Ochoa, 39, was the hitting coach for Boston’s High-A Salem affiliate last season and his batters led the Carolina League in on-base percentage (.328), and finished third in average (.254) and slugging (.387).  He began his professional coaching career in 2009 as Boston’s staff assistant and served as a special assistant in the Red Sox Baseball Operations department in 2010.  Ochoa is a veteran of eight Major League seasons with the Mets (1995-97), Twins (1998), Brewers (1999, 2002), Reds (2000-01), Rockies (2001) and Angels (2002).  An outfielder, he hit .279 (597-for-2,143) with 131 doubles, 19 triples, 46 home runs, 261 RBI, 320 runs, 203 walks and 56 stolen bases over 807 career games.  Ochoa played under Valentine for parts of two seasons with the Mets in 1996-97.

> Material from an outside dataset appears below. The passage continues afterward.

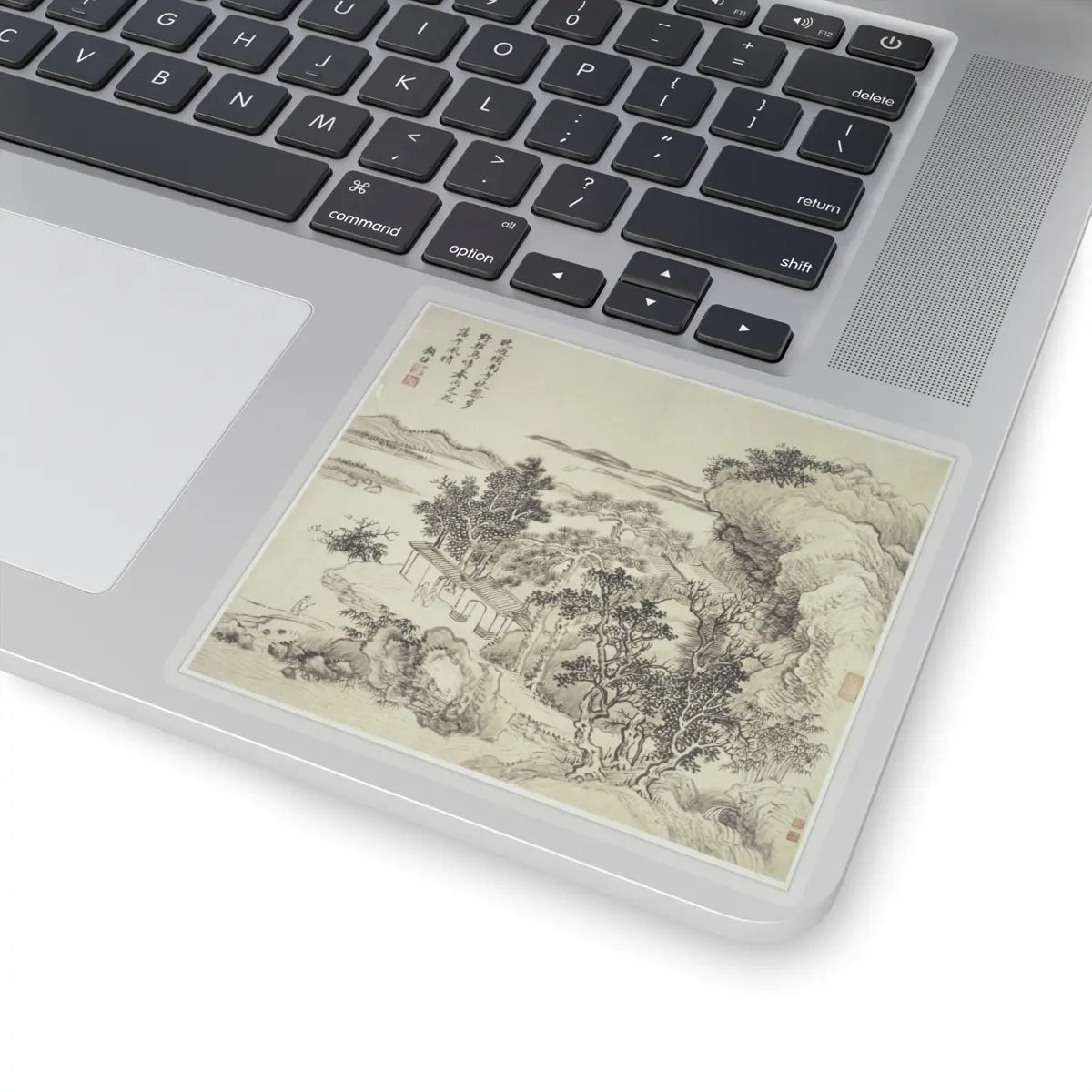 Wang Hui - Landscapes after old masters - dated 1692 v11 - STICKER Vinyl Kiss-Cut Decal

The 59-year-old Royster has been involved in professional baseball for over 40 years.  He most recently managed the Lotte Giants of the Korea Baseball Organization from 2008-10, becoming the league’s first foreign manager.  He led the Giants to the playoffs in each of his three seasons at the helm.  Royster previously served on Major League coaching staffs as third base coach for the Rockies in their inaugural 1993 campaign and as the Brewers bench coach from 2000 until taking over as interim manager from April 18, 2002 through the end of that season.  His minor league managerial experience includes stints in the Dodgers (1989-92, 2005-06) and Padres (1995-98) systems, including five seasons at the Triple-A level.  Additionally, he was Montreal’s minor league base running/infield coordinator in 1999 and the Dodgers minor league infield coordinator from 2003-04.  Royster signed with the Dodgers as an amateur free agent in 1970, two years after Valentine began his minor league career with Los Angeles.  He played parts of 16 seasons in the Majors with the Dodgers (1973-75), Braves (1976-84, 1988), Padres (1985-86), White Sox (1987) and Yankees (1987).  Primarily a second and third baseman, he batted .249 (1,049-for-4,208) with 165 doubles, 33 triples, 40 home runs and 352 RBI in 1,428 career Big League games.